TONE, Circuit Judge.

Plaintiffs, who are inmates of Indiana State Prison, challenge certain statewide regulations promulgated by the Indiana Department of Correction which provide for censorship of literature.

Originally plaintiffs’ complaint under 42 U.S.C. § 1983 challenged disciplinary transfers and other prison practices. The challenge to censorship of literature was made by amended complaint shortly before the trial. After hearing the evidence the court, in an opinion reported in 371 F.Supp. 482 (N.D.Ind.1974), resolved several issues in favor of plaintiffs but reserved the censorship issue to await this court’s decision in Morales v. Schmidt, 494 F.2d 85 (7th Cir. 1974) (decision on rehearing in banc of a panel decision reported at 489 F.2d 1335 (1973)), which was handed down in March 1974. In April 1974, the Supreme Court decided Procunier v. Martinez, 416 U.S. 396, 94 S.Ct. 1800, 40 L.Ed.2d 224 (1974), which established principles that control this case. Following these decisions, the District Court in the case at bar, having conducted a further hearing, held the statewide Department of Correction (“DOC”) literature censorship regulations violative of the First Amendment in certain respects. 390 F.Supp. 663 (N.D.Ind.1975). The court also ruled on a policy position paper of the Indiana State Prison and the actual censorship practices at the prison, id., but these rulings are not challenged on appeal.

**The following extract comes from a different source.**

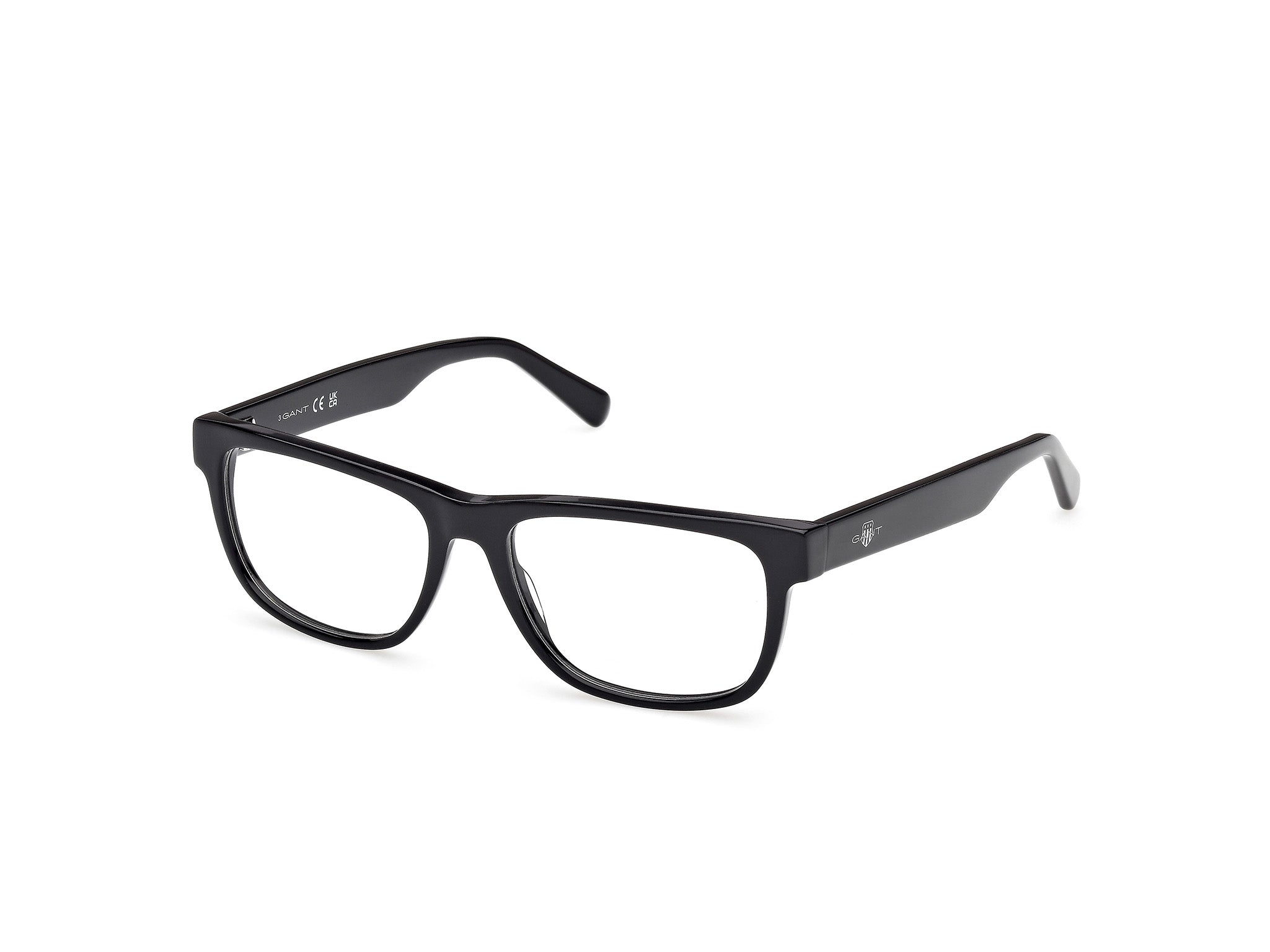 Gant GA50075-54001 Mens Square Optical Frame - Shiny Black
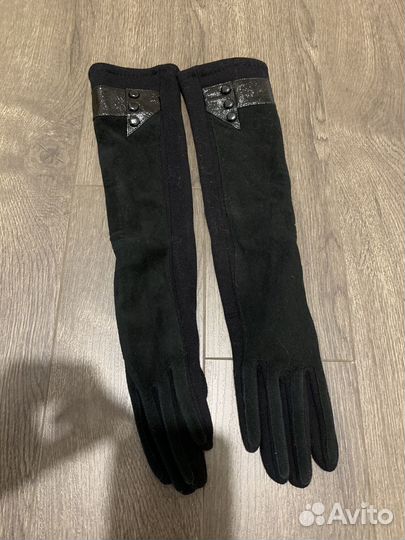 Варежки из меха норки (перчатки)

The case is in a peculiar posture. So far as the record shows, the DOC regulations under review have never been applied or interpreted. The defendant prison officials, in fact, were unaware that these regulations existed until they were unearthed during this proceeding. The censorship practices on which the District Court heard evidence were based on local prison policies, not on the DOC regulations before us. Plaintiffs contend, and the District Court held, that the DOC regulations are invalid on their face. 1

1.

The standard for a determination of facial invalidity was recently stated in Erz *754 noznik v. City of Jacksonville, 422 U.S. 205, 216, 95 S.Ct. 2268, 2276, 45 L.Ed.2d 125, 135 (1975). A statute “should not be deemed facially invalid unless [1] it is not readily subject to a narrowing construction by the state courts, . . . and [2] its deterrent effect on legitimate expression is both real and substantial.” Compare NAACP v. Button, 371 U.S. 415, 432-433, 83 S.Ct. 328, 337-338, 9 L.Ed.2d 405, 417-418 (1963). Two observations are necessary because of the context in which the Erznoznik test must be applied in the case at bar:

When the first, or narrowing-construction, prong of the test is applied to a statute or a municipal ordinance, the hypothetical narrowing construction would be made by the state court, as the Supreme Court recognized in the quoted passage. In the case at bar, however, we are dealing with administrative regulations which, unlike statutes or municipal ordinances, are designed to be interpreted in the exercise of a prior restraint by the state officers who will administer the regulations. Accordingly, it is they who will be providing the narrowing construction, if one is to be provided. Theoretically it should perhaps be immaterial which instrumentality of the state has the responsibility of interpreting the challenged regulation. The likelihood of a reasonable interpretation is normally to be presumed. We cannot fail to observe, however, that the prison officials who will be applying the regulations under review did not even know the regulations existed until this litigation was commenced, and that those officials interpreted the local prison policies of which they were aware to exclude, inter alia, Dostoevski’s The Gambler, Gibran’s The Prophet, and all publications of Bantam Books.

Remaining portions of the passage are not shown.